(Task instructions)
This exercise asks for every record to be output again exactly.

Referring expression grounding data
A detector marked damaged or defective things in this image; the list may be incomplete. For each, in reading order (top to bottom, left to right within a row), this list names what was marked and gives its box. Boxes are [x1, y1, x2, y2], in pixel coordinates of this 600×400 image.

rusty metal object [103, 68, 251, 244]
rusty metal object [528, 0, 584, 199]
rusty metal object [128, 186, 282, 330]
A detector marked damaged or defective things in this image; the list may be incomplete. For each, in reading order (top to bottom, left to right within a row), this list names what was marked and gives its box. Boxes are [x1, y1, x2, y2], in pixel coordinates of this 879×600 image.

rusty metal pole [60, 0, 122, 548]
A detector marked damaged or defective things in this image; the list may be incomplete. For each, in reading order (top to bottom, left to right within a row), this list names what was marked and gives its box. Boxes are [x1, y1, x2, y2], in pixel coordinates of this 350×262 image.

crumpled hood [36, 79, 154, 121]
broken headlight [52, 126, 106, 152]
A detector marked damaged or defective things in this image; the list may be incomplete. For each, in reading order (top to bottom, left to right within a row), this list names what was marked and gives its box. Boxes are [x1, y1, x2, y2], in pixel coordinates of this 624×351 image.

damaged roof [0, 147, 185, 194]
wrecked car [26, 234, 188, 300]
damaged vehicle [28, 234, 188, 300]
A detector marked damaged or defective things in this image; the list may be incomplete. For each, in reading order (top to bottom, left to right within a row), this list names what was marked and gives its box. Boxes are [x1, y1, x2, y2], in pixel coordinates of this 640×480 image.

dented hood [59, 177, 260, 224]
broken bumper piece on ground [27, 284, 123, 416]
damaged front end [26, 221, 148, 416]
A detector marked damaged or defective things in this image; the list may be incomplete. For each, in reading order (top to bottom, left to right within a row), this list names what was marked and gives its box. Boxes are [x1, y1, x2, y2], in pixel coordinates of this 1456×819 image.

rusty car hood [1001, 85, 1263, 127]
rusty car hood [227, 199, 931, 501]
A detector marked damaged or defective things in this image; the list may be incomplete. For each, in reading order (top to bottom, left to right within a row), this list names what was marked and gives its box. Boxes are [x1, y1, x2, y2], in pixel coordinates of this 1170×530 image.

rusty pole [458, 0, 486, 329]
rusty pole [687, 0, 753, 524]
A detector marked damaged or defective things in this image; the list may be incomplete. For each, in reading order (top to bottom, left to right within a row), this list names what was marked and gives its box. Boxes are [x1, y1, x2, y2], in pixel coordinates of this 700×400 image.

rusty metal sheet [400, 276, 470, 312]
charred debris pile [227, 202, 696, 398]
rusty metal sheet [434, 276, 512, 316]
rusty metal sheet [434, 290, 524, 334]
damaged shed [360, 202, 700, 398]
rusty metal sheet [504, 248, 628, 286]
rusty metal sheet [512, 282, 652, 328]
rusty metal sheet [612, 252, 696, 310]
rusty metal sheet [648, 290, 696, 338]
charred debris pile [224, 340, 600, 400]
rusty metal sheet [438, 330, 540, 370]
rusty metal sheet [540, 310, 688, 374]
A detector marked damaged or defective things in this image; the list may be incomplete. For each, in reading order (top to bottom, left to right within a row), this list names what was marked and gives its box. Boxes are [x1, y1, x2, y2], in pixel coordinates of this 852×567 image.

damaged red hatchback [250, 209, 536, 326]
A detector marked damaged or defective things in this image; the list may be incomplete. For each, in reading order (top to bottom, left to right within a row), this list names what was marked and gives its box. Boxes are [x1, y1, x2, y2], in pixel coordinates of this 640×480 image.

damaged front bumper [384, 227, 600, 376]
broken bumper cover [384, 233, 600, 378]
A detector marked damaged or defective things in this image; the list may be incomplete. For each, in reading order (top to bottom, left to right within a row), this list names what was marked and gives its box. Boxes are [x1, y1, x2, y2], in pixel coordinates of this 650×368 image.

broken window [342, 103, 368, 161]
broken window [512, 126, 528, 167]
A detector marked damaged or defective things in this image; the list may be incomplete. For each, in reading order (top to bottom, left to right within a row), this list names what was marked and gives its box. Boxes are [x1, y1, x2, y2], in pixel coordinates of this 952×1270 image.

(Task answer)
A detector marked damaged or defective things in this image; the list may be incomplete. For each, in reading order (top to bottom, left to right within a row), this list names what was marked and gives its box. Boxes are [x1, y1, x2, y2], in pixel coordinates of this 600×400 image.

rusty metal object [103, 68, 251, 244]
rusty metal object [528, 0, 584, 199]
rusty metal object [128, 186, 282, 330]
A detector marked damaged or defective things in this image; the list may be incomplete. For each, in reading order (top to bottom, left to right within a row), this list names what was marked and gives its box. Boxes are [x1, y1, x2, y2], in pixel coordinates of this 879×600 image.

rusty metal pole [60, 0, 122, 548]
A detector marked damaged or defective things in this image; the list may be incomplete. For each, in reading order (top to bottom, left to right within a row), this list names what was marked and gives its box. Boxes are [x1, y1, x2, y2], in pixel coordinates of this 350×262 image.

crumpled hood [36, 79, 154, 121]
broken headlight [52, 126, 106, 152]
A detector marked damaged or defective things in this image; the list may be incomplete. For each, in reading order (top to bottom, left to right within a row), this list names what was marked and gives its box. Boxes are [x1, y1, x2, y2], in pixel coordinates of this 624×351 image.

damaged roof [0, 147, 185, 194]
wrecked car [26, 234, 188, 300]
damaged vehicle [28, 234, 188, 300]
A detector marked damaged or defective things in this image; the list may be incomplete. For each, in reading order (top to bottom, left to right within a row), this list names what was marked and gives its box. Boxes are [x1, y1, x2, y2], in pixel coordinates of this 640×480 image.

dented hood [59, 177, 260, 224]
broken bumper piece on ground [27, 284, 123, 416]
damaged front end [26, 221, 148, 416]
A detector marked damaged or defective things in this image; the list may be incomplete. For each, in reading order (top to bottom, left to right within a row), this list names what was marked and gives its box. Boxes are [x1, y1, x2, y2], in pixel coordinates of this 1456×819 image.

rusty car hood [1001, 85, 1263, 127]
rusty car hood [227, 199, 931, 501]
A detector marked damaged or defective things in this image; the list may be incomplete. For each, in reading order (top to bottom, left to right within a row), this list names what was marked and gives its box. Boxes are [x1, y1, x2, y2], in pixel coordinates of this 1170×530 image.

rusty pole [458, 0, 486, 329]
rusty pole [687, 0, 753, 524]
A detector marked damaged or defective things in this image; the list may be incomplete. For each, in reading order (top to bottom, left to right within a row), this list names what was marked and gives its box. Boxes are [x1, y1, x2, y2], in pixel coordinates of this 700×400 image.

rusty metal sheet [400, 276, 470, 312]
charred debris pile [227, 202, 696, 398]
rusty metal sheet [434, 276, 512, 316]
rusty metal sheet [434, 290, 524, 334]
damaged shed [360, 202, 700, 398]
rusty metal sheet [504, 248, 628, 286]
rusty metal sheet [512, 282, 652, 328]
rusty metal sheet [612, 252, 696, 310]
rusty metal sheet [648, 290, 696, 338]
charred debris pile [224, 340, 600, 400]
rusty metal sheet [438, 330, 540, 370]
rusty metal sheet [540, 310, 688, 374]
A detector marked damaged or defective things in this image; the list may be incomplete. For each, in reading order (top to bottom, left to right within a row), this list names what was marked and gives its box. Boxes are [x1, y1, x2, y2], in pixel coordinates of this 852×567 image.

damaged red hatchback [250, 209, 536, 326]
A detector marked damaged or defective things in this image; the list may be incomplete. For each, in reading order (top to bottom, left to right within a row), this list names what was marked and gives its box. Boxes are [x1, y1, x2, y2], in pixel coordinates of this 640×480 image.

damaged front bumper [384, 227, 600, 376]
broken bumper cover [384, 233, 600, 378]
A detector marked damaged or defective things in this image; the list may be incomplete. For each, in reading order (top to bottom, left to right within a row), this list names what was marked and gives its box. Boxes are [x1, y1, x2, y2], in pixel coordinates of this 650×368 image.

broken window [342, 103, 368, 161]
broken window [512, 126, 528, 167]
A detector marked damaged or defective things in this image; the list may be incomplete. For each, in reading order (top to bottom, left to right within a row), this list names what was marked and gives its box. Boxes are [x1, y1, x2, y2], in pixel coordinates of this 952×1270 image.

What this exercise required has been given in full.